Reginald "Jerry" Pickard (November 14, 1940 – July 27, 2021) was a Canadian politician who served as a member of the House of Commons of Canada from 1988 until his retirement in 2005, representing the riding of Chatham-Kent—Essex for the Liberal Party in his later terms in office.

==Biography==
Pickard had Bachelor of Arts and Master of Education degrees from the University of Windsor, and worked as a teacher in the Kent County and Essex County boards of education following his graduation. He was elected to the Kingsville municipal council in 1974 and remained in municipal politics for the next fourteen years, including tenures as deputy reeve and mayor (1984–1988).
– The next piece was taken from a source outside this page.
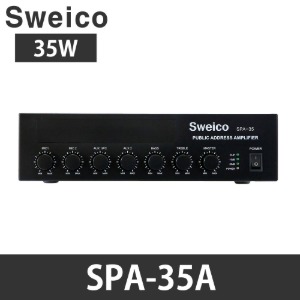 SPA-35A 매장용앰프 PA 방송용앰프 전관방송엠프 카페앰프 Sweico 출력35W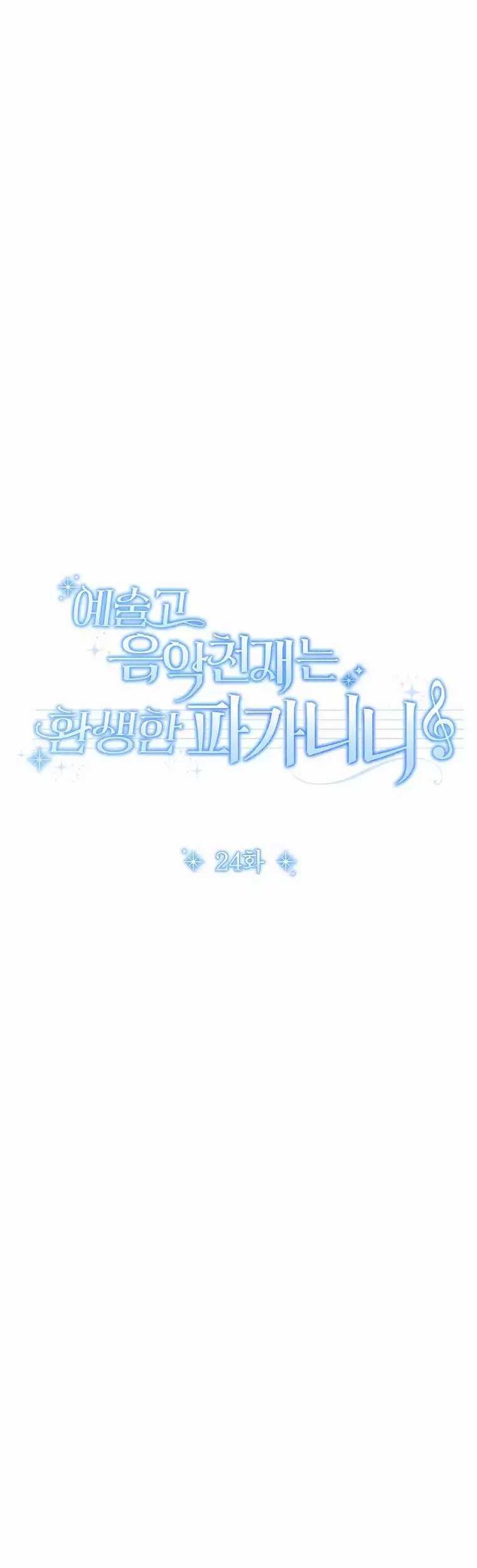High School Musical Genius Is Paganini Reincarnated Chapter 24 Gambar 22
He was first elected to parliament in the federal election of 1988, defeating Progressive Conservative incumbent Jim Caldwell by about 6,500 votes in the riding of Essex—Kent. He was re-elected in the 1993 election, and in the redistributed riding of Kent—Essex in the 1997 election. Pickard's riding was renamed (but not redistributed) as Chatham-Kent—Essex in 1998. In the 2000 election, he defeated a candidate of the Canadian Alliance by over 7,000 votes.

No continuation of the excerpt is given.